In class we learned how to make increasing seasonal variation constant using transformations. We also learned how to model this data using dummy variables.
For this example I will use the data set airpass from the R package faraway. Airpass contains the number of passengers (in thousands) traveling by plane per month from 1949 to 1951.
library(faraway)
## Warning: package 'faraway' was built under R version 3.4.4
data(airpass)
plot(pass~year, data = airpass, type = "l")
This data has increasing seasonal variation. Now we transform this data to have constant variation.
plot(sqrt(pass)~year, data = airpass, type = "l")
plot(log(pass)~year, data = airpass, type = "l")
As you can see the log transformation makes the data look the closest to constant seasonal variation.
Now we can use dummy variables to group our year factor by months.
head(airpass)
## pass year
## 1 112 49.08333
## 2 118 49.16667
## 3 132 49.25000
## 4 129 49.33333
## 5 121 49.41667
## 6 135 49.50000
justyear=floor(airpass$year)
modecimal=airpass$year - justyear
mofactor=factor(round(modecimal*12))
head(cbind(airpass$year, mofactor))
## mofactor
## [1,] 49.08333 2
## [2,] 49.16667 3
## [3,] 49.25000 4
## [4,] 49.33333 5
## [5,] 49.41667 6
## [6,] 49.50000 7
levels(mofactor)=c("Jan", "Feb", "Mar", "Apr", "May",
"Jun", "Jul", "Aug", "Sep", "Oct",
"Nov", "Dec")
airpass$justyear=justyear
airpass$mofacto=mofactor
Now that the data is grouped by months we can create a model.
mmod=lm(log(pass)~justyear + mofactor, data = airpass)
Finally we can plot our model against our original.
plot(log(pass)~year, data = airpass, type = "l")
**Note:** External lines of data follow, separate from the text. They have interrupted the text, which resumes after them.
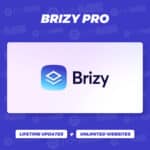 Brizy Pro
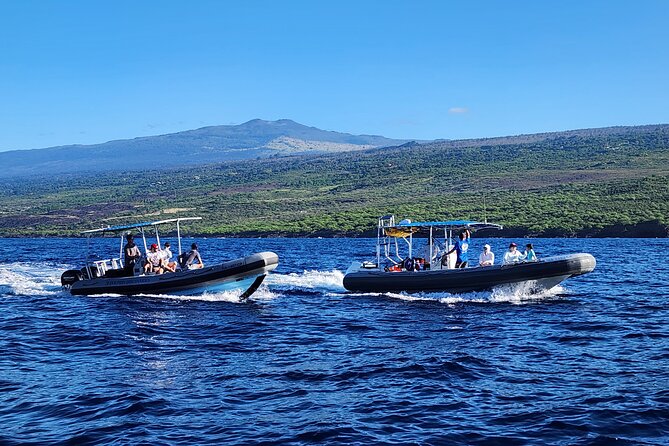 Captain Cook Snorkel Tour with Sea Caves and Lava Tubes - The 4-hour rhythm: what you’re really buying with $89
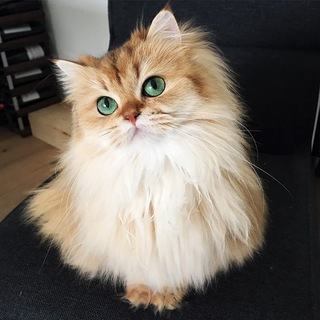 К О С Ь К А🐈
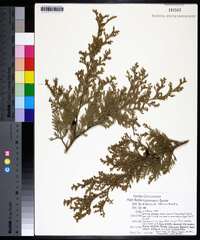 Chamaecyparis thyoides image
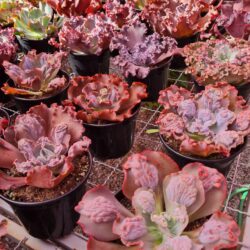 Shopping em Goiânia recebe bloquinho do bazar Estação das Plantas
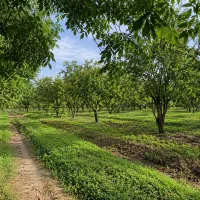 فروش زمین با کاربری  کشاورزی و باغ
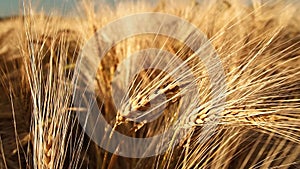 Golden ripe ears of wheat slightly moved by wind breeze. Slow motion 120 fps. Full HD 1080p. Slowmo
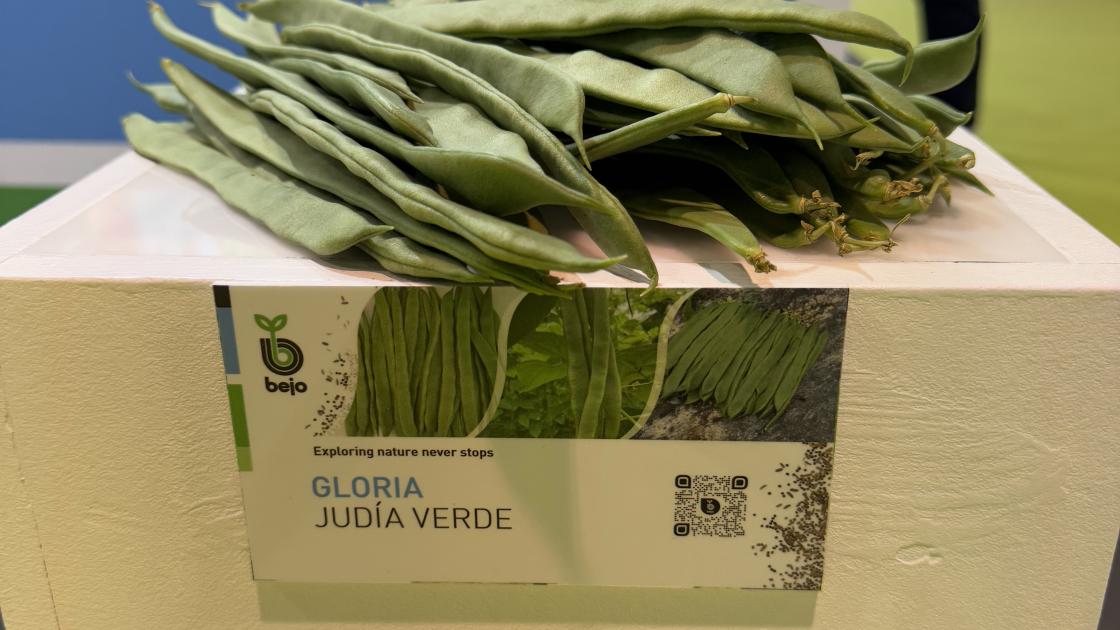Infoagro2025_Gloria.jpg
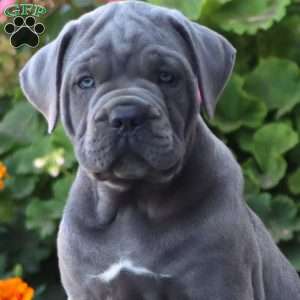 Simba, Cane Corso Puppy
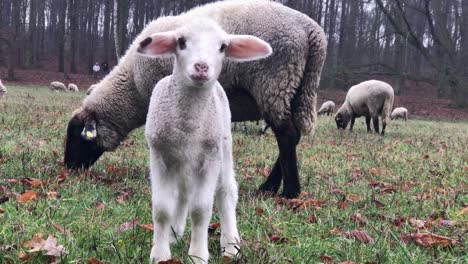 Curious-newborn-lamb-with-mother
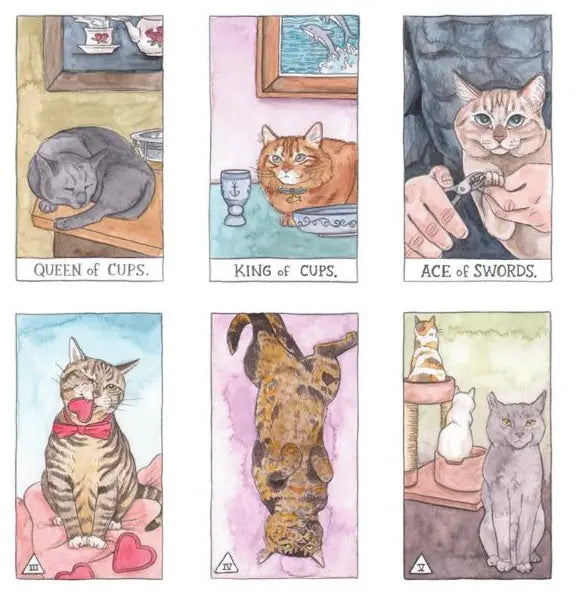 Unlock the secrets of the past, purr-esent, & future w/ the Cat Tarot & Guidebook Anakha H. Nyx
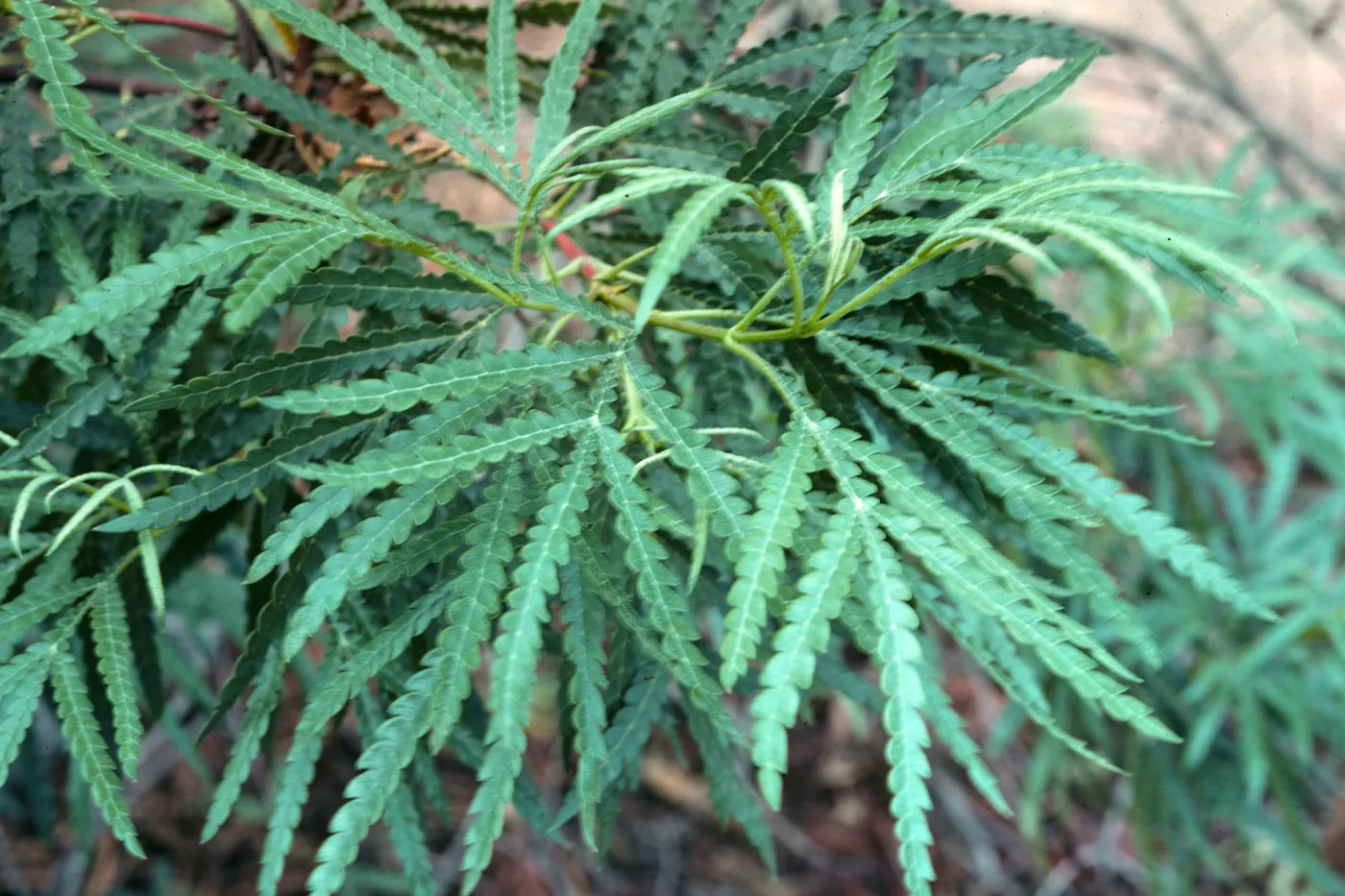 leaves of Lyonothamnus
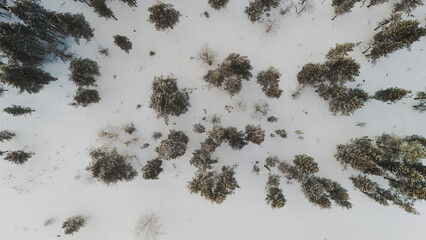 Aerial top-down view of snowy forest and scattered frost-covered trees in winter landscape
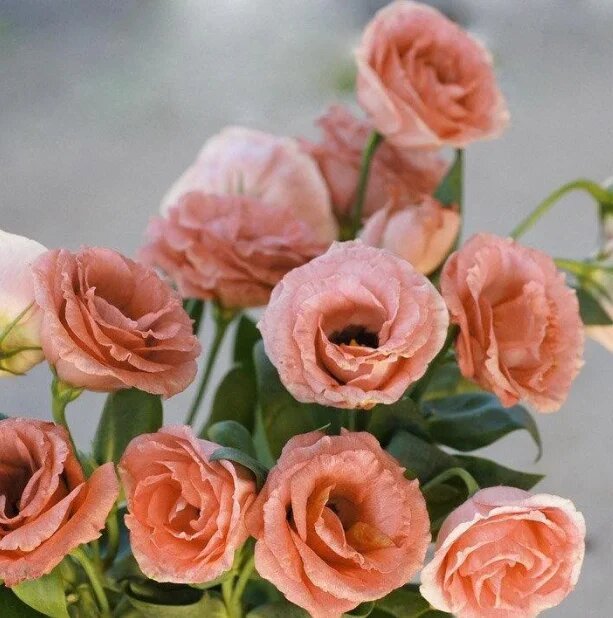 Lisianthus Flower Seeds Orange – Heirloom, Non-GMO, High Germination Seeds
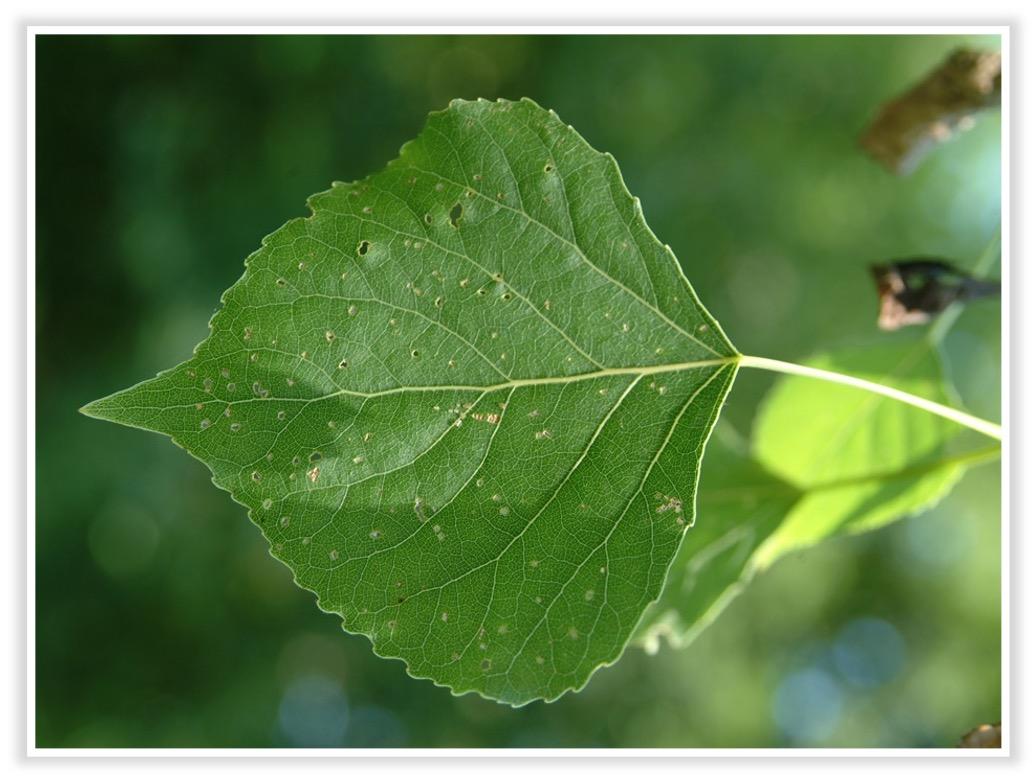 Schwarzpappel Blatt<br>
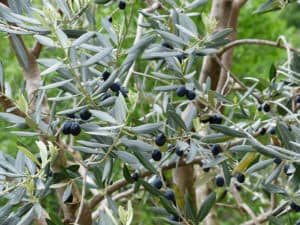 Olivenbaum mit schwarzen Oliven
lines(airpass$year, mmod$fitted.values, type = "l", col = "blue")
As you can see the dummy variable data set fits our data fairly well.
I also received some feeback in class for our group project. The biggest concern my partner had was that our paper read more as an R guide then as a paper. We will have to add our r code into a appendix and not in the paper itself. We also need to elabirate on why our data maters and connect it back to our research topic more. I think the most important thing that I learned from this peer review is how to present our data in a paper form instead of a how to R guide.